Prompt: The records below must be output exactly, with no images carried over.

Record set:
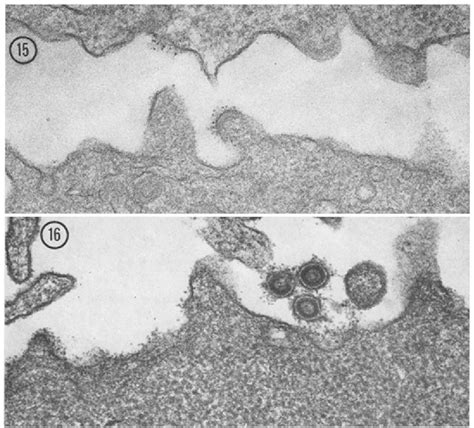 Figure 15 From Viral And Cellular Surface Antigens Of Murine Leukemias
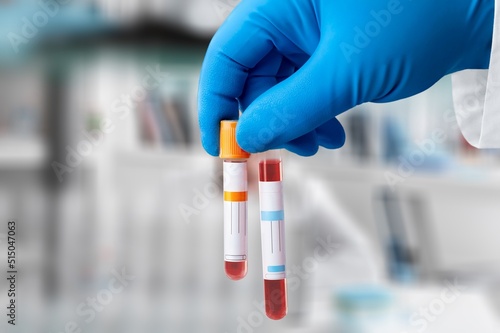Blood samples of patient for test in laboratory. Blood tubes photo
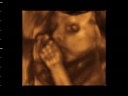 BIANCA VALERIA BENGOA RIOS - 25 SEMANAS II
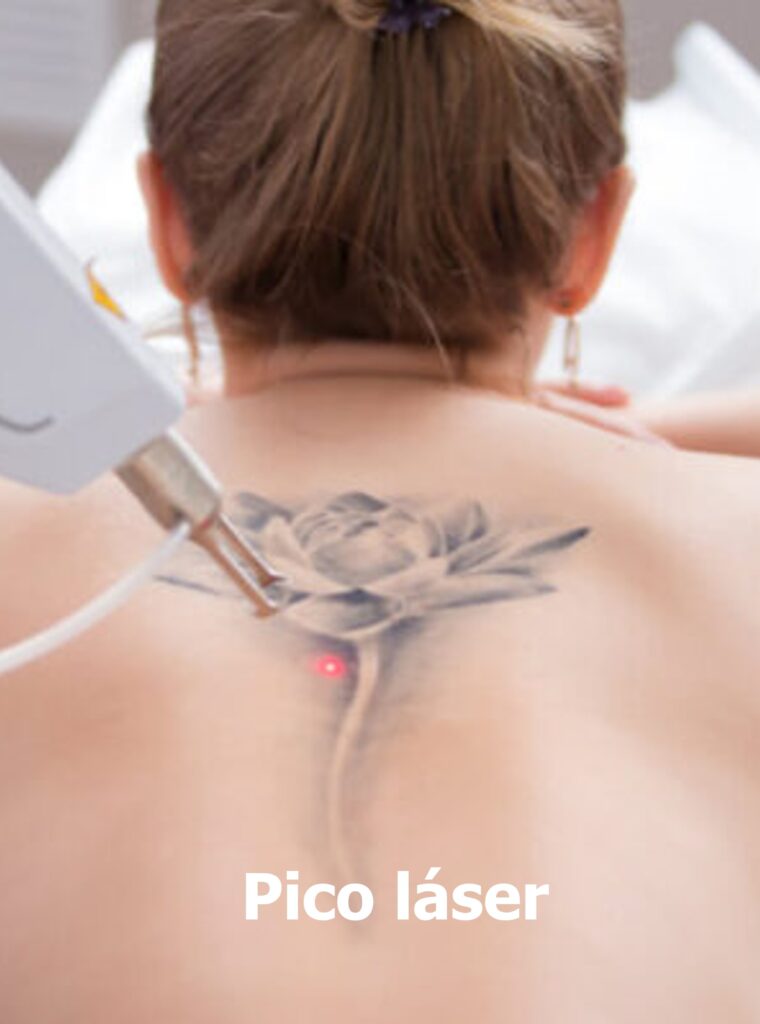 El tratamiento con pico láser trata manchas, melasma, arrugas, poros dilatados, cicatrices de acné, rosácea, estrías, hiperpigmentación, marcas de nacimiento, tatuajes y daño solar en rostro, cuello, espalda, escote, manos y otras partes del cuerpo donde se presenten imperfecciones.
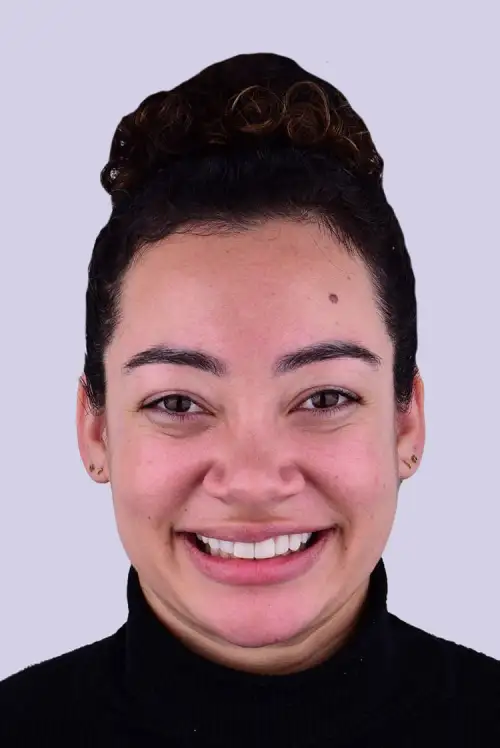Christina Composite Veneers After Photo. Treatment provided by Lifestyle Smiles in Melbourne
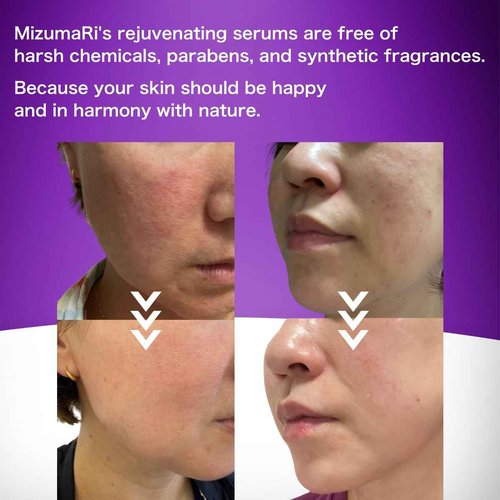 MizumaRi Wrinkle & Lift-Up Face Serum for Dry & Sensitive Skin – Firming & Elasticity Gel, 50ml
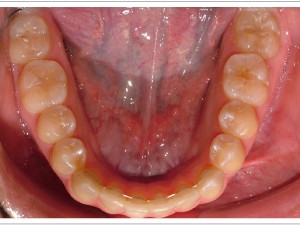 A lower bonded retainer at Bruner Orthodontics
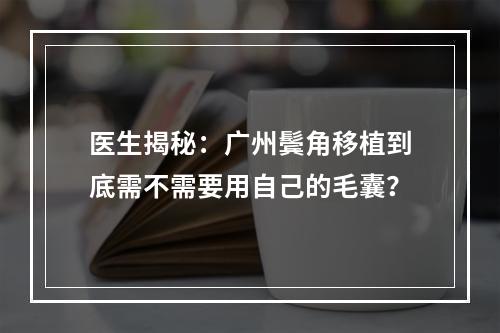 医生揭秘：广州鬓角移植到底需不需要用自己的毛囊？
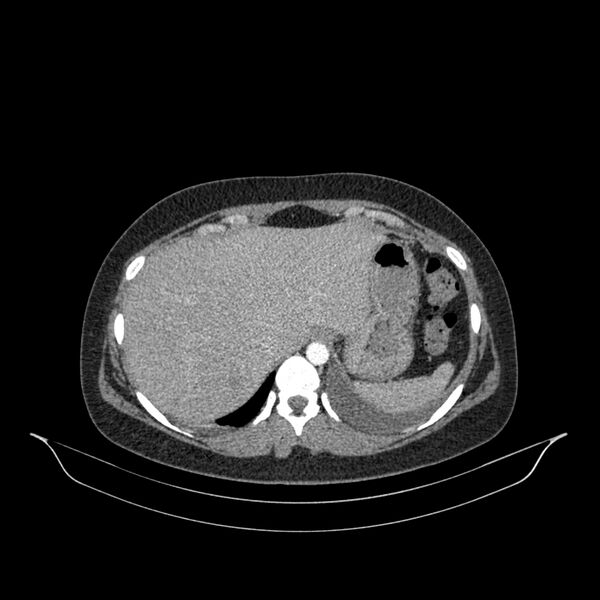 File:Chronic thromboembolic pulmonary hypertension (CTEPH) (Radiopaedia 74597-85532 Axial C+ CTPA 17).jpg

Solution for this task:
 Figure 15 From Viral And Cellular Surface Antigens Of Murine Leukemias
Blood samples of patient for test in laboratory. Blood tubes photo
 BIANCA VALERIA BENGOA RIOS - 25 SEMANAS II
 El tratamiento con pico láser trata manchas, melasma, arrugas, poros dilatados, cicatrices de acné, rosácea, estrías, hiperpigmentación, marcas de nacimiento, tatuajes y daño solar en rostro, cuello, espalda, escote, manos y otras partes del cuerpo donde se presenten imperfecciones.
Christina Composite Veneers After Photo. Treatment provided by Lifestyle Smiles in Melbourne
 MizumaRi Wrinkle & Lift-Up Face Serum for Dry & Sensitive Skin – Firming & Elasticity Gel, 50ml
 A lower bonded retainer at Bruner Orthodontics
 医生揭秘：广州鬓角移植到底需不需要用自己的毛囊？
 File:Chronic thromboembolic pulmonary hypertension (CTEPH) (Radiopaedia 74597-85532 Axial C+ CTPA 17).jpg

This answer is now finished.